A acupuntura é eficaz para complementar a intervenção terapêutica nos casos de endometriose, mas não substitui o tratamento cirúrgico quando este é necessário.
Dietoterapia, chás e óleos essenciais:
É importante seguir uma dieta anti-inflamatória e de harmonização dos meridianos, assim como aliviar os sintomas. Existem alguns princípios básicos que podem ser postos em prática, o consumo de alguns chás e a utilização de óleos essenciais.
Estas recomendações não descartam a avaliação da paciente por um profissional:
- Retirar leite e derivados, hidratos de carbono simples e glutén (debilitam o meridiano do Baço, dificultam uma boa absorção e aumentam a inflamação)
- Consumir verduras verdes escuras e quinoa
- Acrescentar uma colher de chá de açafrão como tempero (Favorece harmonização do meridiano do Fígado)
Chás:
- Chá de gengibre (acção anti inflamatória)

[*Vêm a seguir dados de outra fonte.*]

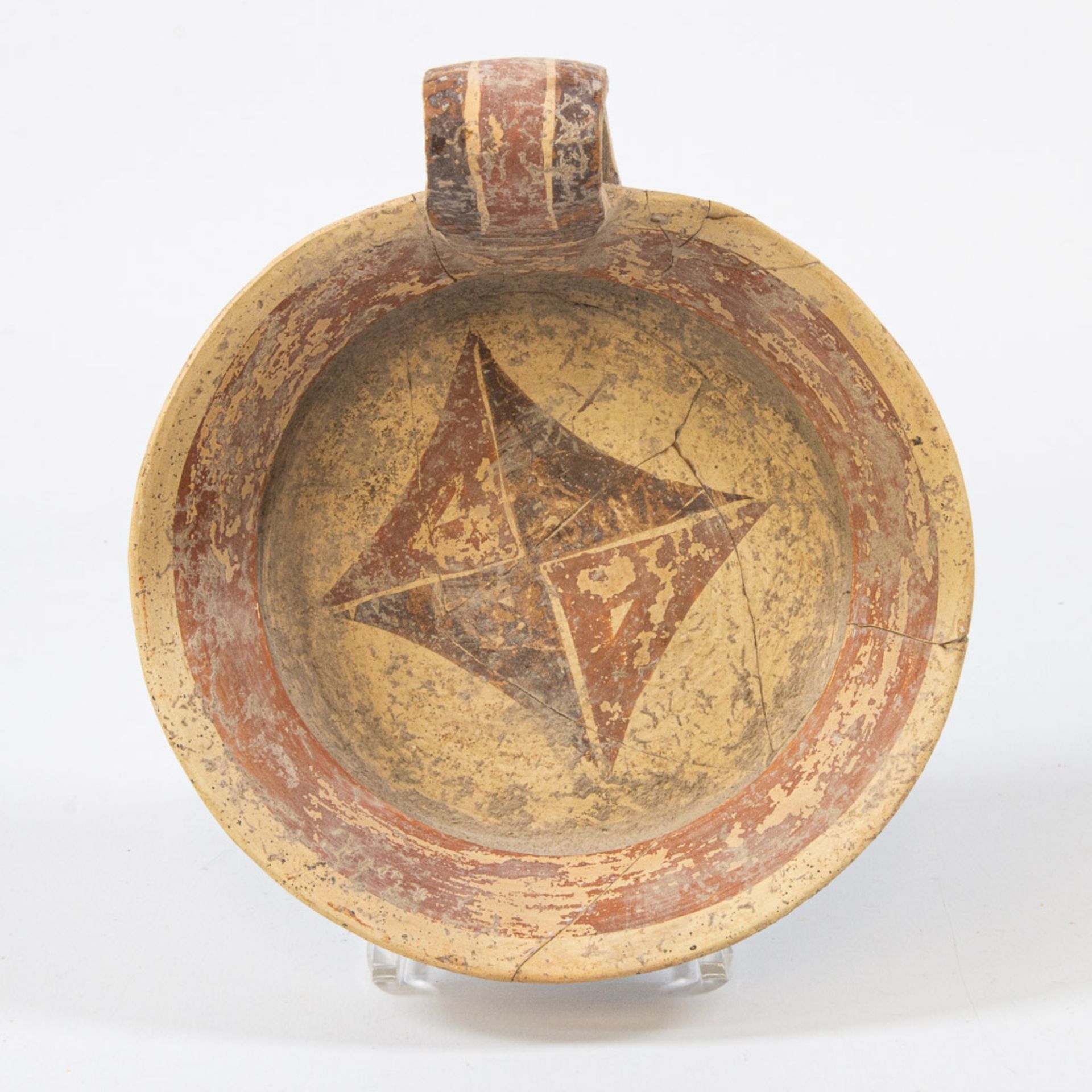 An antique Roman piece of pottery, 1st-2nd century. - Image 12 of 17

- 2 a 3 rodelas de gengibre fresco, adicionar 600ml de água, deixar ferver por 10 minutos, depois desligar e deixar arrefecer. Beber 2 a 3 chávenas por dia, durante o período menstrual para alívio das cólicas.
- Chá de Morango
- 3 morangos frescos ou desidratados, colocar 400ml de água e deixar ferver por 10 minutos. Beber 2 a 3 chávenas por dia durante o período menstrual. Ajuda na descamação do endométrio e alivia a dor associada ao processo inflamatório na fase menstrual
Óleos essenciais:
Em casa, os óleos essenciais podem ser utilizados num Escalda Pés ou através de inalação. O Escalda Pés é uma técnica em que se adicionam 3 a 4 gotas de óleo essencial numa colher de sopa de sal, depois mistura-se o sal numa bacia ou balde com água quente. Depois é só colocar os pés lá dentro, durante cerca de meia hora e usufruir da sensação de relaxamento. Também se pode tirar partido dos óleos essenciais através da sua inalação, sendo o método mais fácil a utilização de um nebulizador onde o óleo essencial é colocado puro. Não é aconselhada a ingestão de nenhum dos óleos essenciais seguintes:
- Óleo essencial de laranja doce
(Utilizar durante a fase menstrual como descrito anteriormente)
- Alivia a dor
- Reduz os sentimentos de frustração e raiva
- Traz serenidade e tranquilidade
- Óleo essencial de camomila romana
(Utilizar durante a fase menstrual como descrito anteriormente)
- Elimina estagnações
- Promove a limpeza do útero
- Diminui a produção de substâncias inflamatórias como as prostaglandinas, aliviando assim a dor
- Traz serenidade e calma
- Óleo essencial de lavanda
(Pode ser utilizado durante todo o ciclo e não só na fase menstrual)
- Óleo principalmente relaxante e calmante
- Traz muita serenidade e tranquilidade
Actividade Física:
A atividade física em geral promove a libertação de substâncias como a endorfina e a serotonina, importantes na redução das dores e cólicas que acompanham as portadoras de endometriose. O pilates clínico pode ajudar a estabelecer uma rotina de exercícios que vão trabalhar a mobilidade da bacia e os músculos do pavimento pélvico. A fisioterapia pélvica também é muito importante, uma vez que os músculos pélvicos ficam rígidos, sensíveis e com pontos de tensão devido aos processos inflamatórios e à postura derivada da dor constante.